Birinci film tutunca ilk filmde Xate ana ölmesine rağmen ikincisinde daha fazla para getirsin diye mezarından çıkarıp bir ilke imza atmış Sermiyan Midyat. Üstelik filmi tanıtan demeçlerinde de izleyenlerin bu ikinci filmde üç kat daha fazla mizah bulunabileceğini ifade etmiş. Yani özetle Kürt toplum yaşamını ve gerçekten de büyük anlam ve değer taşıyan Kürdistan’ın ilk kadın belediye başkanının hikayesini daha da sulandırarak filmin ikincisini çekmiş.
Birinci filmdeki kadın karakterler; askere aşık olan Gulê adının anlamı Kürtçede ‘gül gibi’ demek olmasına rağmen isminin anlamından habersizdir. Hatta annesi ve kardeşleri de. Kürtler kendilerine koydukları isimlerin anlamını bilmeyecek kadar rasgele ve cahildir demek istemiş Semiryan Bey. Yine bir Kürt kızı askere aşık olunca, kimliği yok sayılan Kürtler ile onların dilini, kimliğini yok sayan beyaz Türklerin birbirini anlayacağı ve aslında bir sorun olmadığı mesajı. Kız alıp vermişiz ya daha ne sorunumuz olsun değil mi?
Filmin diğer kadın karakterleri durmadan hakarete maruz kalan kör, topal, çirkin Fehime ve genç-güzel hizmetçi-metres Nebile. Bir de toplumsal mesaj vermek için Xate’nin intihar ve töre cinayetlerinden kurtardığı küçük kızlar. Yine bir felaket tablosu. Kürdistan kadınları cahil, çirkin, metres, töre kurbanı. Bol bol komedi malzemesi, Sermiyan beyin daha da semirmesi için kazanç kapısı.
Henüz hükümet kadın 2 filmini izlemedim. Muhtemelen birinciden daha korkunç bir tablo ile karşılaşacağız. Zaten ikinci filmin tanıtım sürecinde Sermiyan Midyat’ın bir akrabasının babaannesini rezil ettiği için ona dava açması ile gerçekler ortaya çıkıyor. Aslında Xate ana birkaç dil bilen, okuma yazması olan ve muhtemelen politikanın “p”sinden ve daha fazla şeyden anlayan bir kadınmış. Ancak filmi yapılsa bu kafalardaki Kürt kadın imgesini alt üst edecek bir kimlik olurdu herhalde. Hani Kürt kadınları cahil, töre kurbanı, kaderine razı yada yarı deli olmalı ya. Bu istisnai örneği işlemek yerine manipüle etmek daha fazla işlerine gelmiş olmalı.

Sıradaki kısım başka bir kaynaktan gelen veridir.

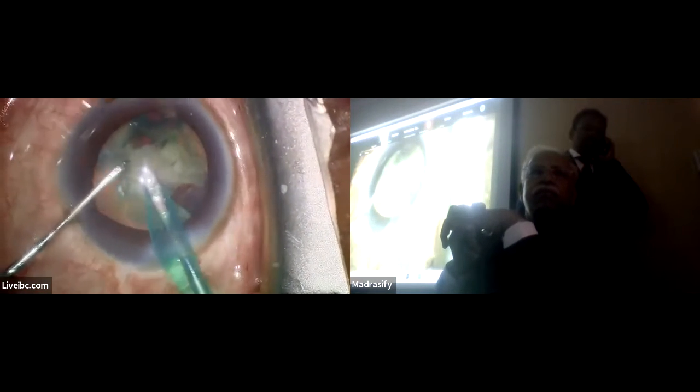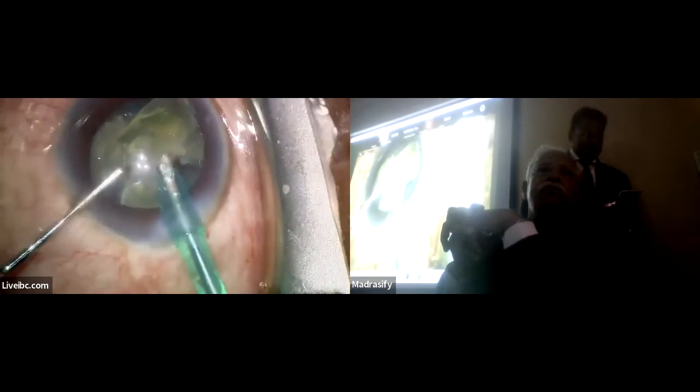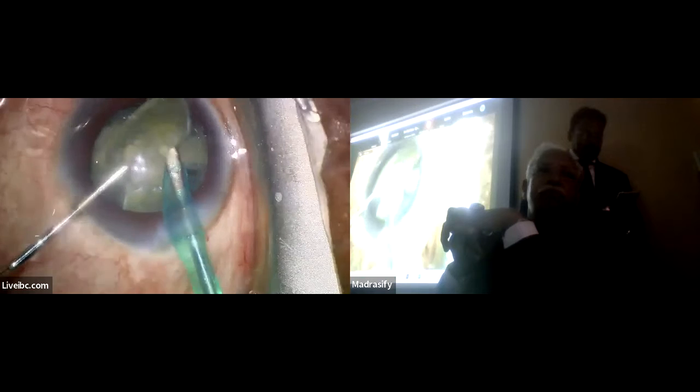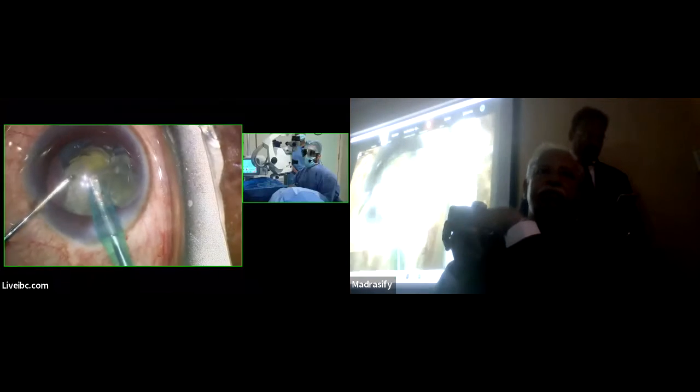Loading cart. Lens loading cart. Cartridge loader. You need to load the cartridge. You are going to load the cart. Parameters down.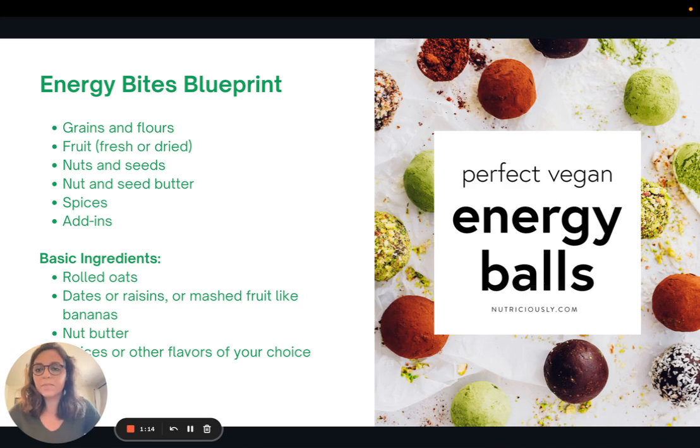Here is a blueprint for making Energy Bites. I love Energy Bites because they're really versatile — you can make tons of different flavors just to have that variety. There are some basic ingredients you should include each time, not only for flavor and texture, but also to provide variety and increase the nutrients. The basic ingredient groups are grains or flours, fruit whether fresh or dried such as bananas, dried dates, or raisins, nuts and seeds or nut and seed butter to help hold it together, and then spices and any other add-ins for flavor. The very basic ingredients to include each time are rolled oats or some sort of grain, dates or fruit like bananas, nut butter, and then any other spices.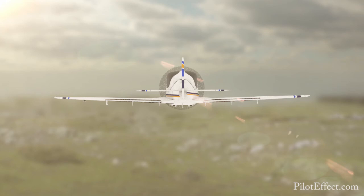Slow flight visualization. Safety checks and lookout clearing turns already completed. Initial state: straight and level flight. First, set the aircraft up in the flap and gear down configuration. Call airspeed.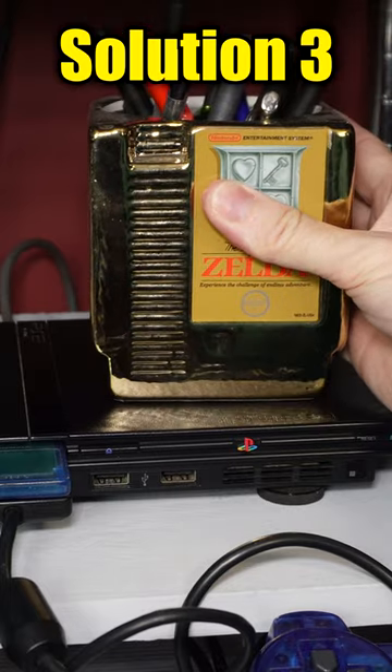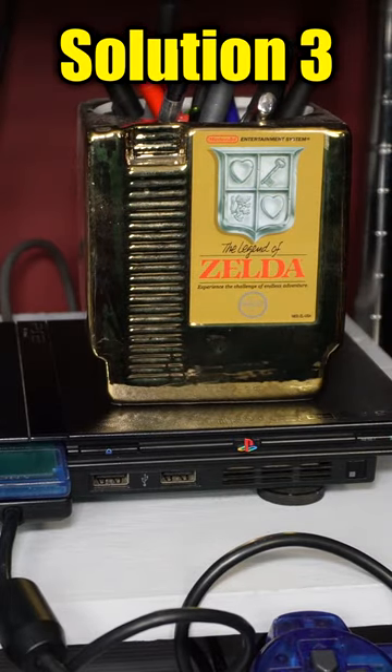The next thing to attempt is setting something on top of the tray. The idea is that it pushes the tray down so that it's more likely to push down on the sensor buttons.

Benim Ve Roz’un Yenik Kadınları
Benim ve Roz’un sonbaharı filmi de Hasankeyf’in korunması mücadelesi ekseninde Kürtleri ve Kürdistan’ı konu alıyor. Film bir miting görüntüsü ile başlıyor. Başarısızlığa uğrayan direniş sadece yerel bir gazetede baraj yapan şirketi teşhir eden Metin, kardeşi ve birkaç arkadaşının omzuna kalmıştır. Filmdeki kadınlar gerilladan kaçan Berfin, fuhuş yapan annesi ile sorunları olan yoksul Kürt kızı Rozerin, İstanbul’dan gelen ve eski bir dansöz olan Tijen hanım, Metin’in dırdırcı çaçaron annesi, elinde silahla bahçesini koruyan Tijen’in kuması deli kadın. Bakın şu Kürdistan’ın kadın profiline. Anlaşılan hiçbir pozitif örneğe rastlanmamış yada rastlanmak istenmemiş.

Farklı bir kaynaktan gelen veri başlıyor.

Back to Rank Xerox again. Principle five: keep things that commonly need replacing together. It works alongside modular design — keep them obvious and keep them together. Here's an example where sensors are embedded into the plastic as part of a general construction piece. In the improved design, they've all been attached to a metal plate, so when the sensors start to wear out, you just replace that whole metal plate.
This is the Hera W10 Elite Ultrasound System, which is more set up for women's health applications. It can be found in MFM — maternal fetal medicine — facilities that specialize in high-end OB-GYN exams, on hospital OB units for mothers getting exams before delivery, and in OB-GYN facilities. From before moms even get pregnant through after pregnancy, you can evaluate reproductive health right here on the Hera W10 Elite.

Kürdistan’ da yürüyen bir mücadele ve savaş gerçeğini es geçen film Irak’a ABD müdahalesini öne çıkarıyor. Irak’a müdahale esnasında güney Kürtlerinin mağdur olup sınırı geçmesi gibi bir durum olmamasına rağmen filmin sonlarında evlerini terk eden Hasankeyf yerlileri ile bu “savaş mağduru Kürtlerin” buluşması ile verilmek istenen mesaj nedir bilemiyoruz. Film boyunca Kürdistan semalarında Kuzey Kürdistan dağlarını bombalayan Türk savaş uçakları yerine Irak’a müdahale eden ABD uçaklarının verilmesi de Kemalist bakış açısının yansıması olsa gerek.

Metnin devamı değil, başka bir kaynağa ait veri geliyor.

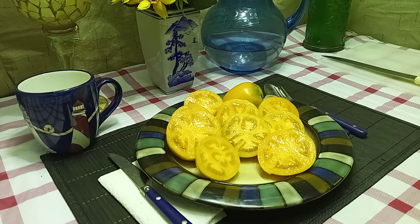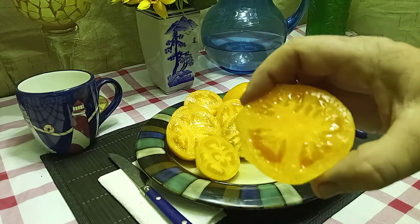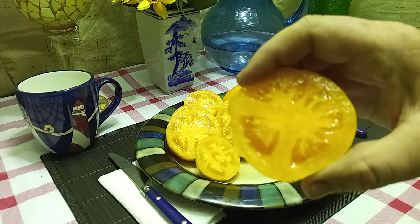This also produces a lot, so it's a good yielding tomato as well. And this is what the inside looks like — let's give it a try and see what the flavors are like.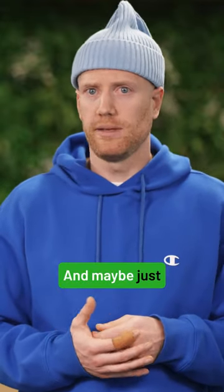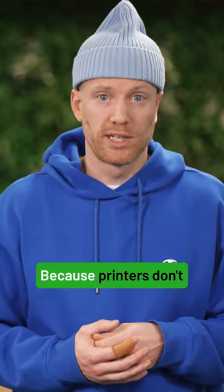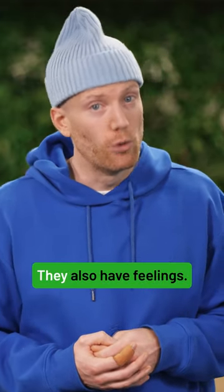And maybe just say goodbye too, because printers don't just have memory — they also have feelings.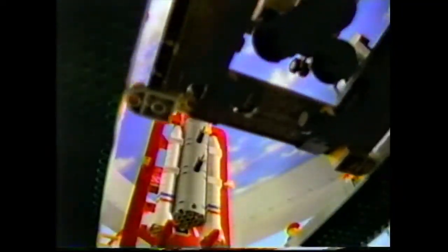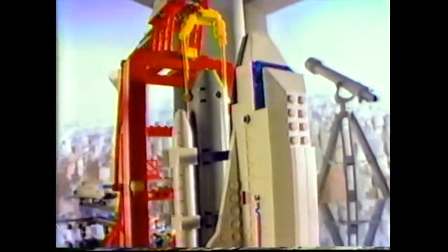Activate transport unit. Eight. Roger. Seven. Connect shuttle boosters. Six. We have connection.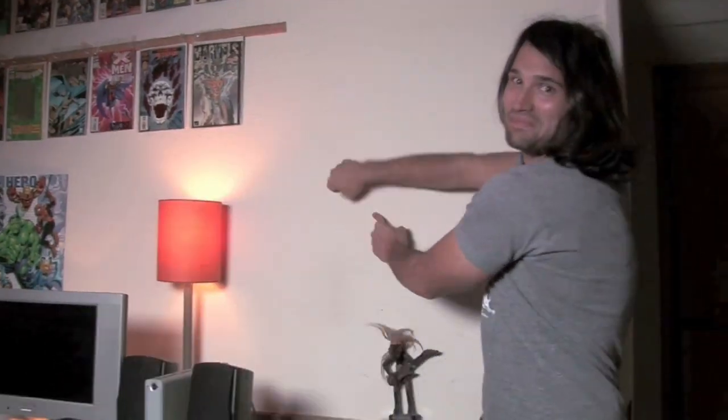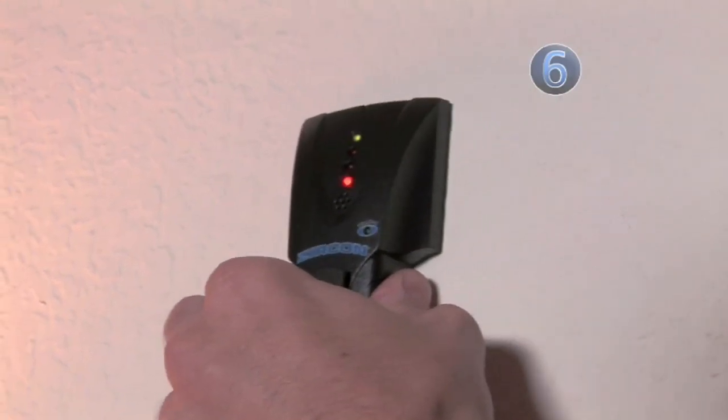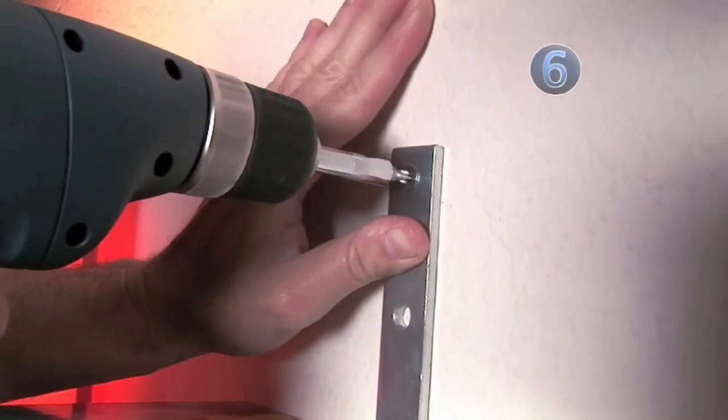Step 6: Mountie Hunter. Figure out where you want the books to go and find the stud. Do this by knocking on the wall until you hit a solid point. Another way to find a stud is to get a stud finder. Now mount the bracket to the wall using the large wood screws.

Kürdistan bir özgürlük mücadelesi olduğuna dair hiçbir emare yok filmde ancak gerilladan kaçan bir kadın var. Gerilladan kaçan Berfin mermi sesleri duyunca travma geçiren, uyumsuz, asabi ve yeni yaşamına alışmakta zorlanan bir kadın. “Dağda yaşadıklarının etkisi”ni atlatamadığını söyler sürekli kocasına. Dağda ne yaşadığı ise meçhul. Dağın insanları özellikle de kadınları vahşileştirdiği, yabanileştirdiği fikrinden hareketle Berfin’in aile bireylerine ve diğer insanlara dönük yaklaşımlarından bu soğukluk ve terslik çok bariz bir biçimde yansımış. Bu durum nedeniyle “kadınlık görevlerini” yapamayacak kadar soğuk hale gelmiştir. Fakat Hasankeyf’i koruma mücadelesinin kahramanı olan kocasının yaşadığı zorlanmalar karşısında kendini toparlayıp evinin kadını, çocuğunun anası olacak kıvama kavuşur yabani kızımız. Dağlarda toplumsallığın, insan ilişkilerinin ne kadar güçlü geliştiğinden habersizce gerillada kadınların yaşadığı değişimi kendi pozitivist, Kemalist, oryantalist bakışları ele aldıklarından bunu görmemiş film yapımcıları.
Filmdeki diğer bir kadın karakter kocası hapiste olan Roz’un annesidir. Film boyunca hep yatakta dostuyla birlikte yarı çıplak bir biçimde görüntüleniyor. Kürdistan’da böyle bir kadın tiplemeleri olabilir, ancak yaygın olduğu oldukça şüpheli. Kızı Roz ise ona dansöz olmayı, adabı muaşeret kurallarını, güzel Türkçe konuşmayı öğreten bir adamın üçüncü karısı olan Tijen tarafından eğitiliyor. Şehirli kadının onu evlat edinmesini isteyen anne bu durumdan memnundur.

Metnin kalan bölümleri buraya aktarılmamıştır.